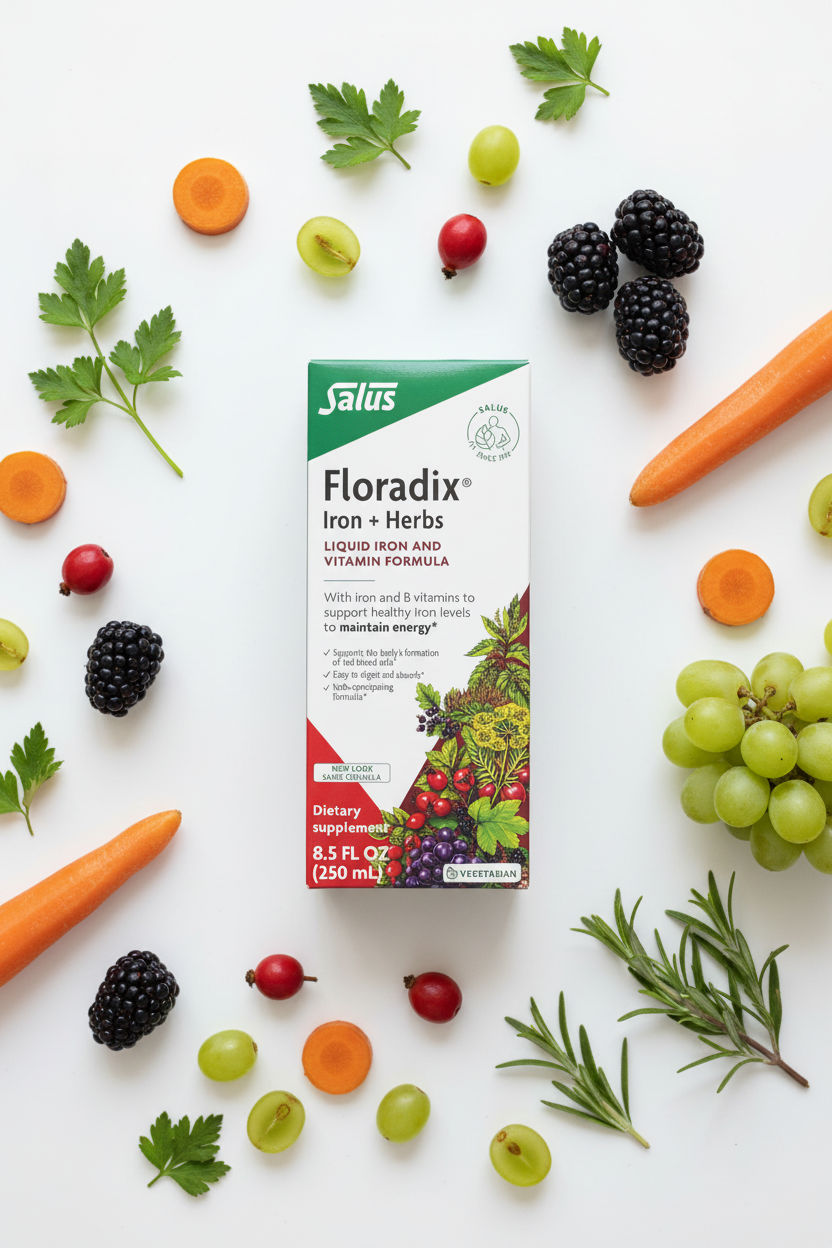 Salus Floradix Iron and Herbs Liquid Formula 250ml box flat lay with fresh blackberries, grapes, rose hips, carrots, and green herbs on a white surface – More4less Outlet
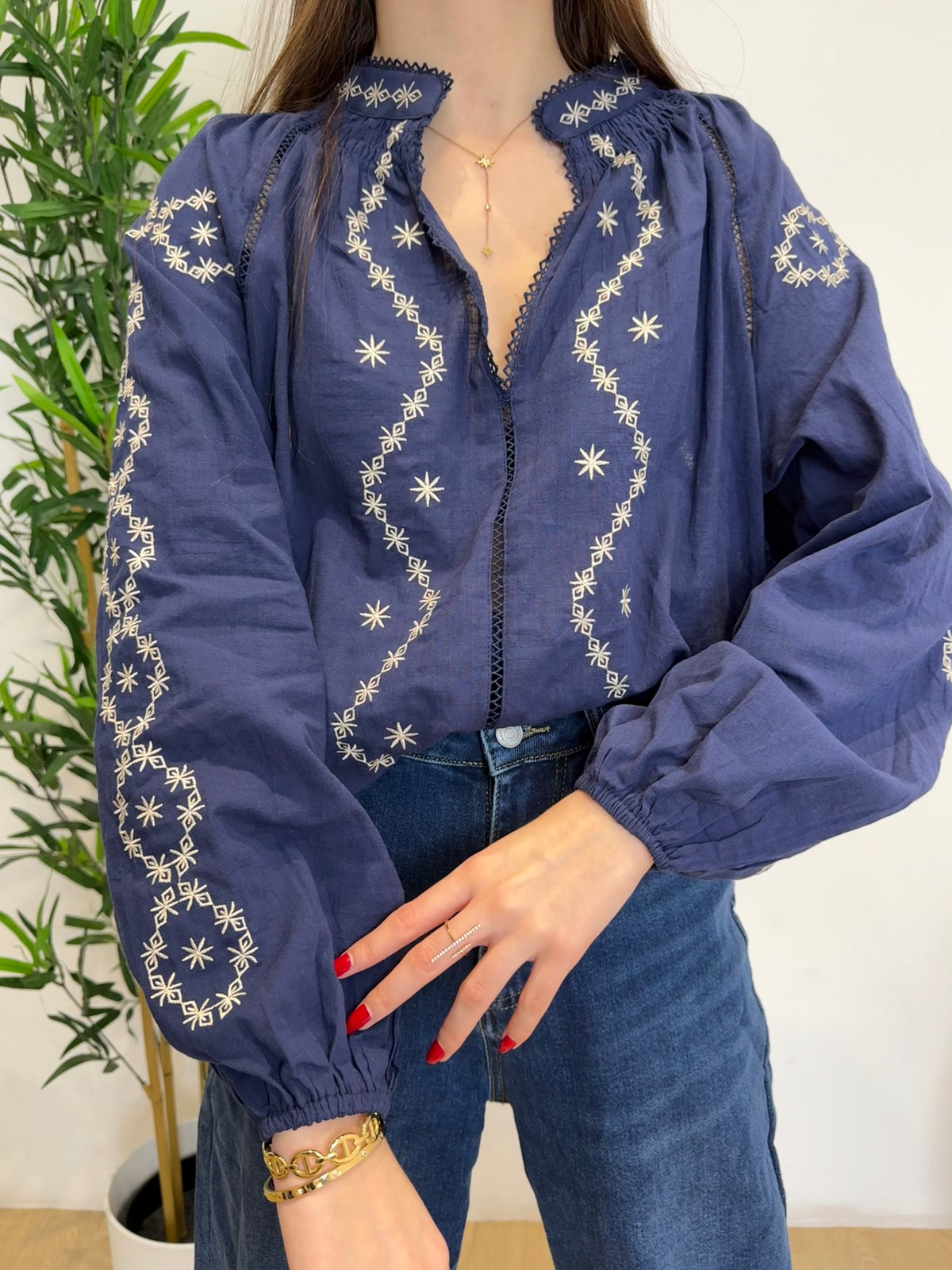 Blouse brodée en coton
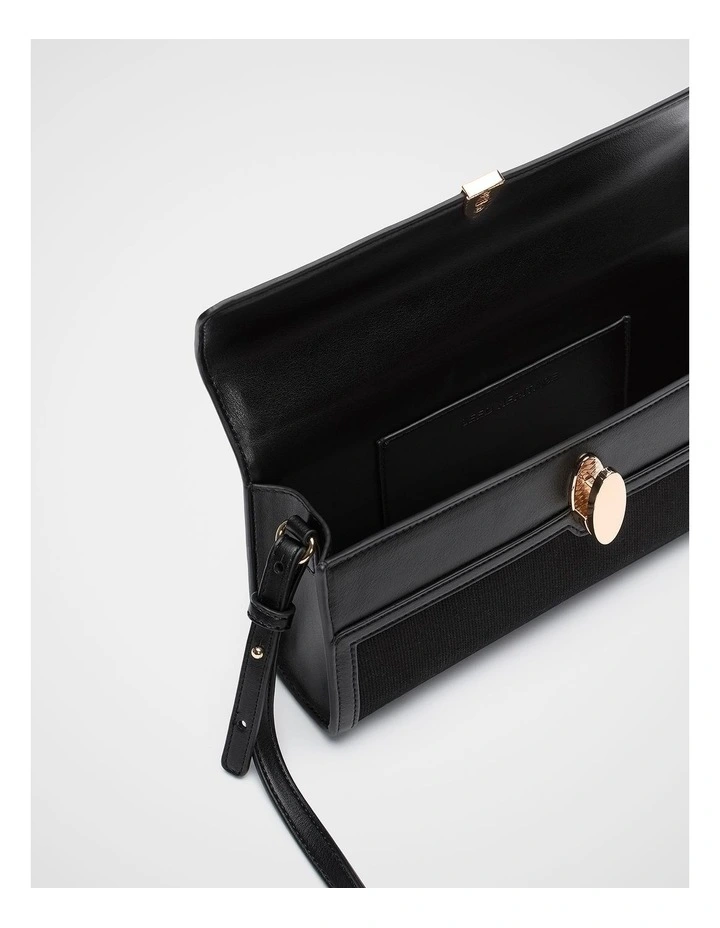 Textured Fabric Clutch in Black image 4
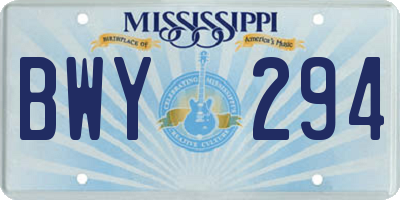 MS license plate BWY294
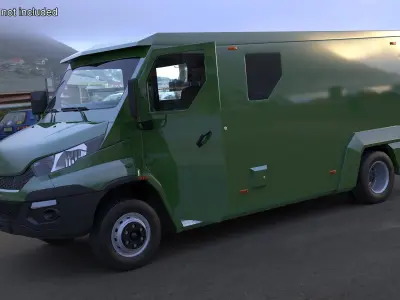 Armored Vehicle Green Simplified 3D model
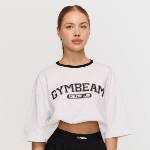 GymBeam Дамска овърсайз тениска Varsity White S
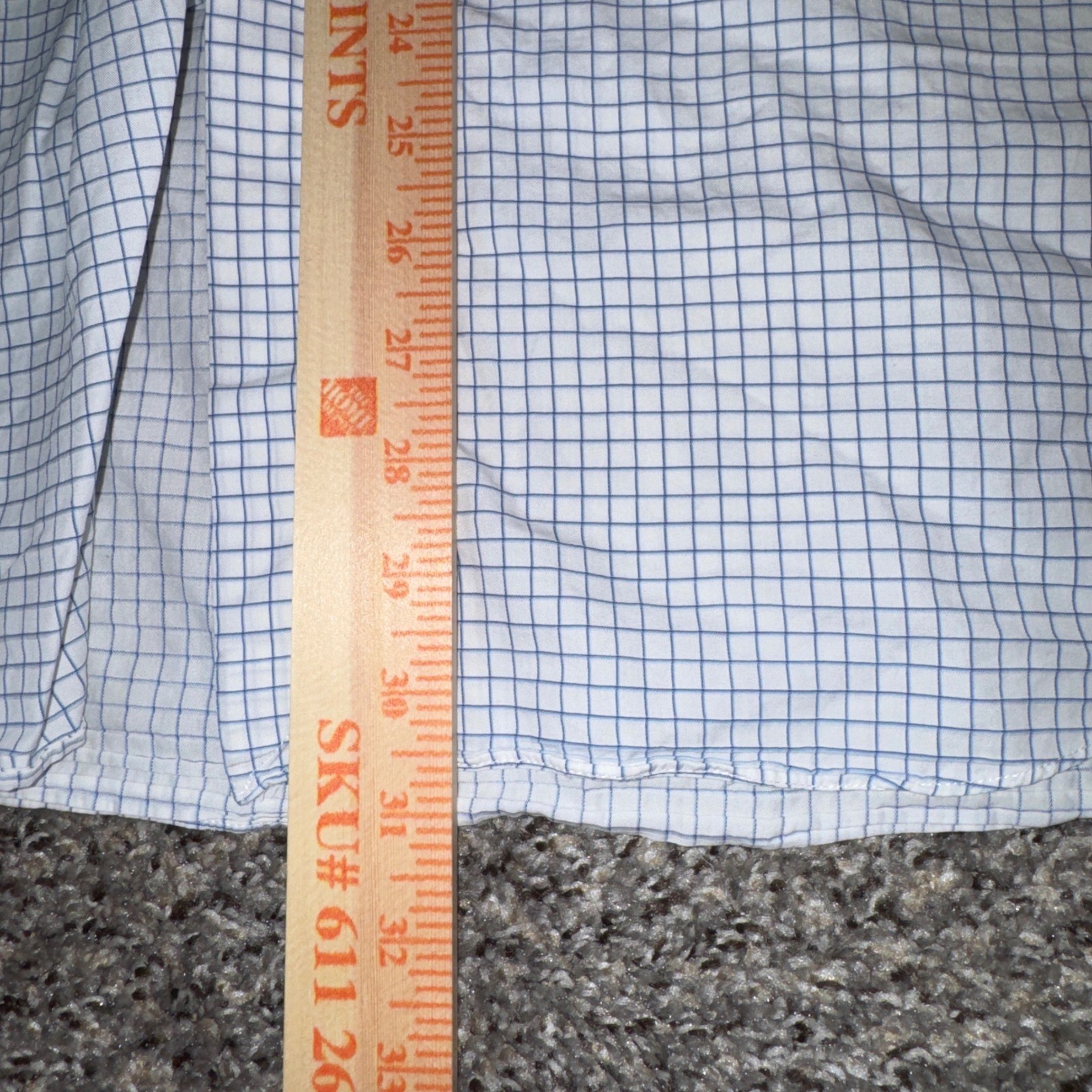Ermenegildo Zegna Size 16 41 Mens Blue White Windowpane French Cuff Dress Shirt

§ §

_DESCRIPTION OF THE TASK_. Line by line and exactly, reproduce the span from the line with "Textured Fabric Clutch in Black image 4" through the end of the data above, both ends included, with pictures left out.

_ANSWER FOR THIS EXERCISE_.
 Textured Fabric Clutch in Black image 4
 MS license plate BWY294
 Armored Vehicle Green Simplified 3D model
 GymBeam Дамска овърсайз тениска Varsity White S
Ermenegildo Zegna Size 16 41 Mens Blue White Windowpane French Cuff Dress Shirt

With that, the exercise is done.